Majówka Kaczawska 3/4. Lawa w zagrodzie.
![]() |
element ekspozycji w Sudeckiej Zagrodzie Edukacyjnej w Dobkowie |
Trasa: Wojcieszów> (bez znaków) Wojcieszów, ruiny zamku> (czerwoną ścieżką spacerową) Trzciniec, ruiny szubienicy> (czarną ścieżką spacerową) Dobków> (bez znaków) Dobków, Sudecka Zagroda Edukacyjna> (zieloną ścieżką spacerową) Rozdroże pod Rogaczem> (czarną ścieżką spacerową) Rozdroże pod Marcińcem> (niebieskim szlakiem) Szyb Louis> Radzimowice> (bez znaków) Radzimowice, Kamienny Krąg> (czerwoną ścieżką spacerową) Mysłów> (zieloną ścieżką spacerową) Kamieniołom Sobocin> Lubrza> Czerwona Skała> (bez znaków) Kaczorów
Długość trasy: 30 km
Czas przejścia (nie licząc zwiedzania Sudeckiej Zagrody Edukacyjnej): 6 h 15 min.
Kiedy rano kręcimy się po Wojcieszowie, nad Karkonoszami wisi lekko pomrukująca granatowa chmura. Ufając że nie zmierza w naszą stronę, idziemy zobaczyć nieco mniej znaną atrakcję zlokalizowaną w dolnej części miejscowości. Aby do niej dotrzeć, przed neorenesansowym Pałacem na wodzie skręcamy z ulicy Bolesława Chrobrego na zachód. Następnie odbijamy na południe, w drogę równoległą do nieczynnej linii kolejowej. Tak docieramy do wzgórza Rogowa (382 m n.p.m.), na zboczu którego zachowały się ruiny niewielkiej kamiennej budowli z XIV w. Ustawiony obok słupek głosi, że to zamek, ale takie określenie może być trochę na wyrost. Według opinii badaczy budowla mogła funkcjonować jako strażnica, refugium albo wieża mieszkalna.
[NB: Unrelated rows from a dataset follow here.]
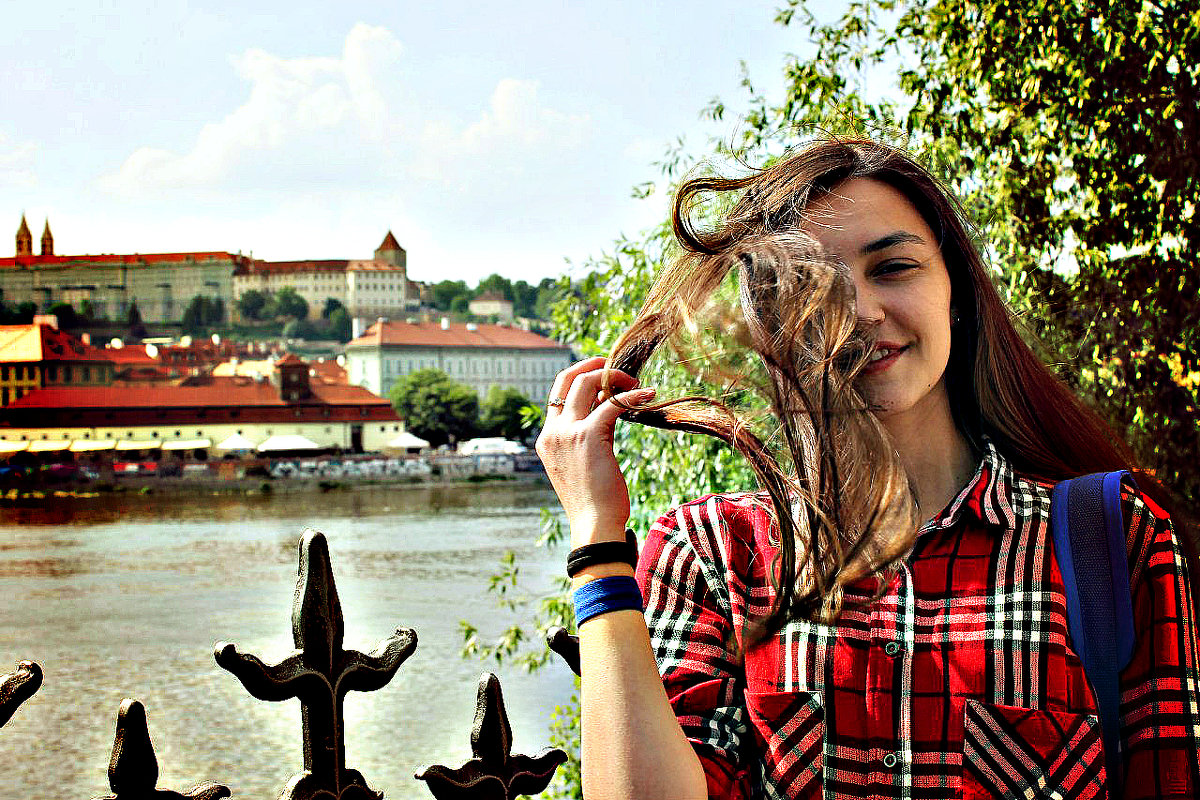 Туристка в Праге - Салима Боташева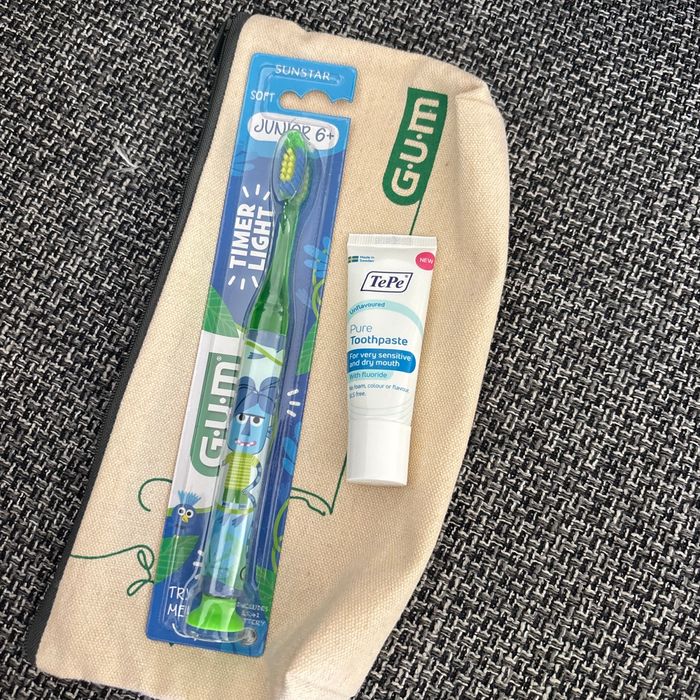Pochette dentifrice et brosse à dent enfant
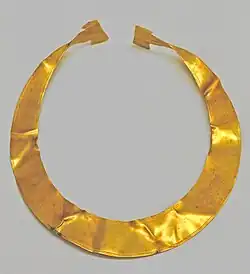 Die Goldlunula von Schulenburg ist eine vermutlich in Irland in der frühen Bronzezeit aus Gold gefertigte Lunula.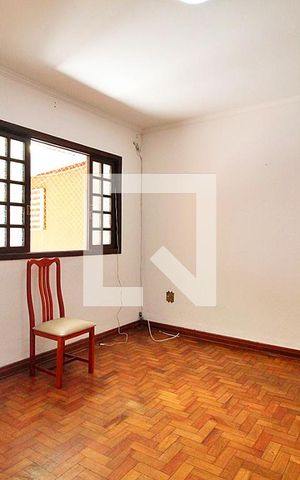 Casa de condomínio à venda com 170m², 2 quartos e 1 vagaSala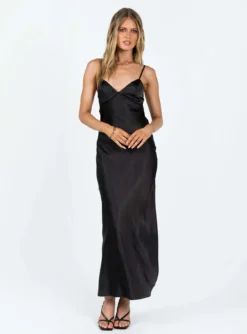Stravo Maxi Dress Black -Femme Flair 2 modelinfo milli us2 952c6c74 355d 484c b30a 72106492ac95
Dzisiaj, jak zauważamy, pełni głównie rolę miejsca na ognisko...
![]() |
,,zamek" w Wojcieszowie |
![]() |
na ,,zamku"... |
![]() |
kamienna tablica przy ,,zamku" |
Poprzyglądawszy się resztkom murów, zawracamy, aby ruszyć w stronę innego, dość nietypowego zabytku, wzniesionego na siodle pod Trzcińcem (485 m n.p.m.). Pniemy się w górę wąską ścieżką prowadzącą przez las, kiedy nagle z lewej strony dobiega nas głośne, choć nieco jakby zachrypnięte szczekanie. -Pies- myślimy. - Najwyraźniej zabudowania znajdują się bliżej niż nam się wydawało. Robimy jeszcze kilka kroków, po czym znów słyszymy takie same, dziwaczne dźwięki. Ale tym razem z prawej. Otaczają nas!!! Zanim zaczniemy wyobrażać sobie leśne monstra czyhające na nieświadomych turystów, przypomnimy sobie jednak, że właśnie w taki sposób porozumiewają się... sarny.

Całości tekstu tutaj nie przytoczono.